Question

The speed of a particle travelling in a circle of radius $20\text{cm}$ increases uniformly from $6\text{m/s}$ to $8\text{m/s}$ in $4\text{sec}$. The angular acceleration of particle is :

• A. $5{\text{rad/ s}}^2$
• B. $7.5{\text{rad/ s}}^2$
• C. $2.5{\text{rad/ s}}^2$
• D. $2{\text{rad/ s}}^2$

Answer 1

The correct option is C $2.5{\text{rad/ s}}^2$

Since speed increases uniformly, average tangential acceleration will be equal to instantaneous tangential acceleration.

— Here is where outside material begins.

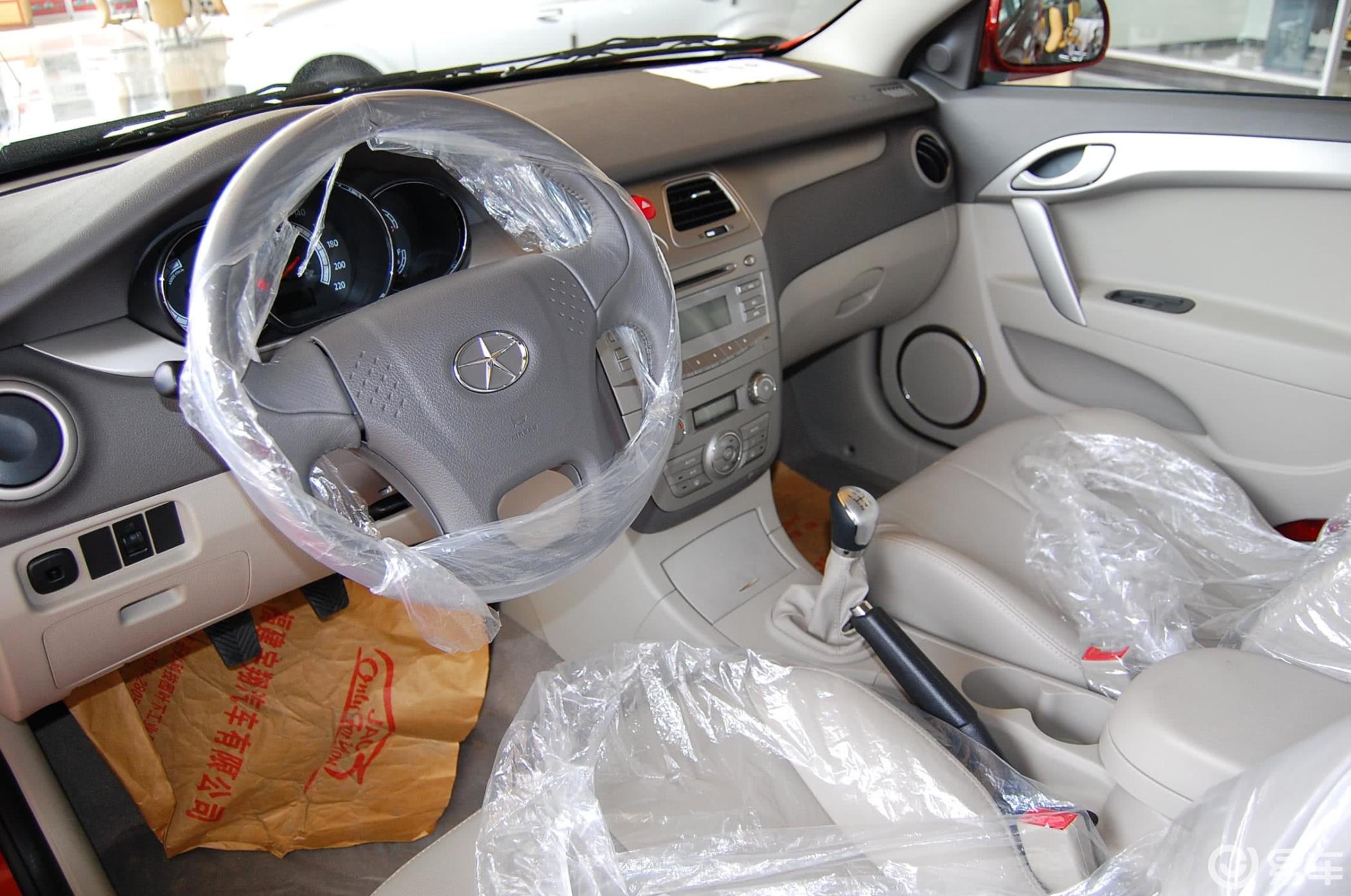 【和悦2010款豪华型内饰汽车图片-汽车图片大全】-易车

Therefore, instantaneous tangential acceleration is given by,

$a_t=\frac{dv}{dt}=\frac{v_2-v_1}{t_2-t_1}$

$\Rightarrow a_t=\frac{8-6}{4}=0.5{\text{m/s}}^2$

Angular acceleration of the particle will be,

$\alpha =\frac{a_t}{r}$

$\Rightarrow \alpha =\frac{0.5{\text{m/s}}^2}{\left(\frac{20}{100}\text{m}\right)}$

$\therefore \alpha =\frac{5}{2}=2.5{\text{rad/s}}^2$

Alternatve:

$\alpha =\frac{{\omega }_t-{\omega }_o}{t}=\frac{v-u}{rt}$

$\alpha =\frac{8-6}{0.2\times 4}=\frac{2}{0.8}=2.5{\text{rad/s}}^2$

Why this question ? It intends to your understanding of fundamentals of average and instantaneous tangential acceleration in a circular motion. Tip: In case of uniform circular motion the average and instantaneous value of tangential acceleration will be the same.